Both versions use dynamic programming with a 2-dimensional table. For substring: entry (i, j) stores the length of the longest common substring ending exactly at position i in string A and position j in string B. If the characters match, the value is (i−1, j−1) + 1; otherwise it's 0 (the run is broken). For subsequence: entry (i, j) stores the length of the longest common subsequence considering the first i characters of A and the first j of B. If characters match, value is (i−1, j−1) + 1; otherwise it's the maximum of (i−1, j) and (i, j−1). Both run in O(m × n) time and memory, where m and n are the string lengths.

When there are ties, which match does the tool return?

For substring: the leftmost match encountered during the scan of string A. For subsequence: the one reconstructed by a canonical backtrack through the DP table, which biases toward taking matches that are in the lower-right corner of the table first. Neither is 'more correct' than any other — they're all equally valid maximal matches. If you need to find all maximal matches, the algorithm can be extended to backtrack multiple paths, but this tool just reports one.
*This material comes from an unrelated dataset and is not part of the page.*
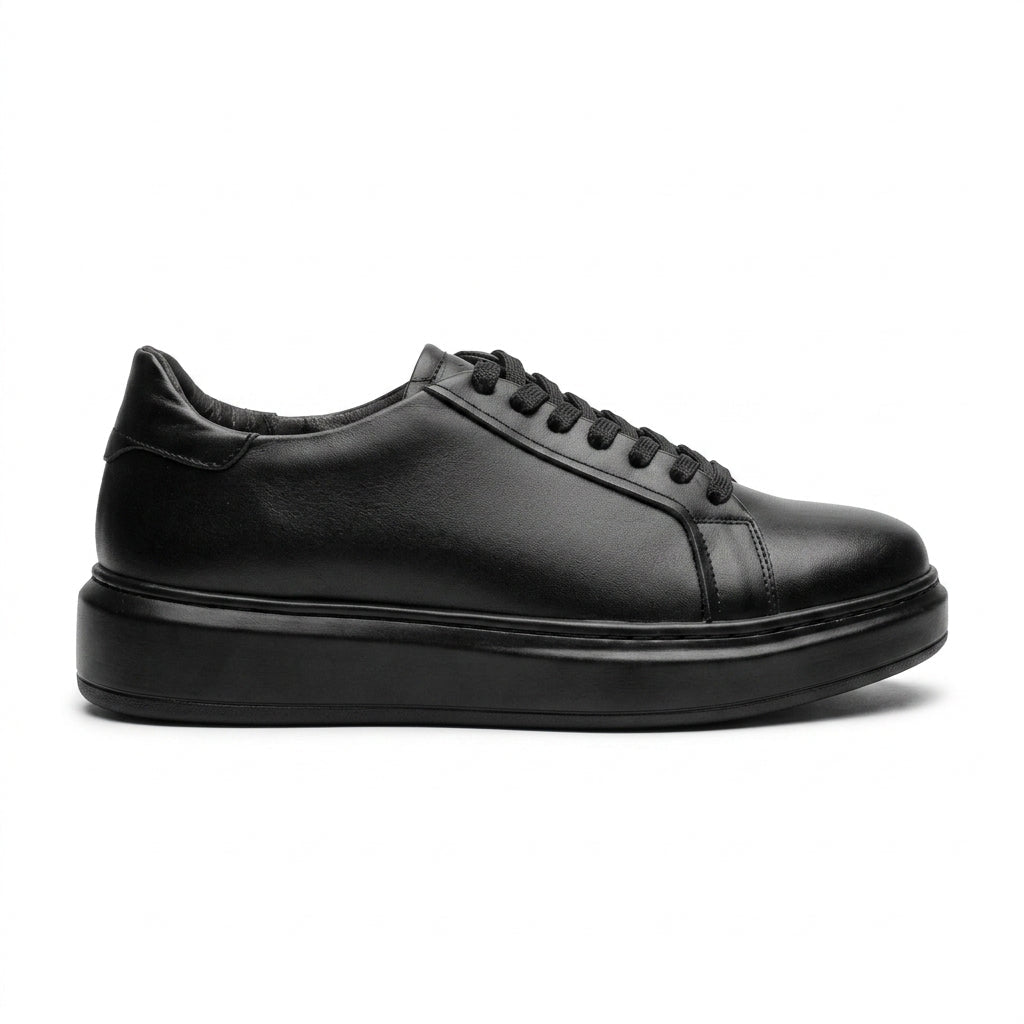 Adidasi barbati din piele naturală, M - 112, negru - Paul Style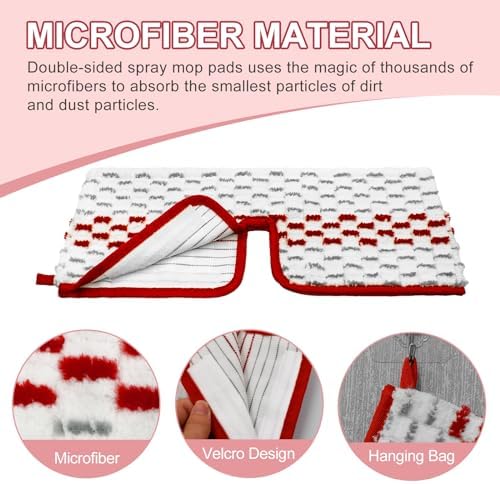 DLAIMI Spray Mop Pads - Reusable 6 Pack Red for Oceda ProMist MAX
How long can the input strings be?

The algorithm is O(m × n) in both time and memory, so input sizes of a few thousand characters each run comfortably in the browser. Ten thousand × ten thousand is 100 million operations and 100 million cells in the DP table, which is slow but still works. For genuinely long inputs (megabytes), specialised algorithms with better memory profiles exist (Hirschberg's for LCS subsequence, suffix arrays for substring), but they're not needed for the use cases this tool targets.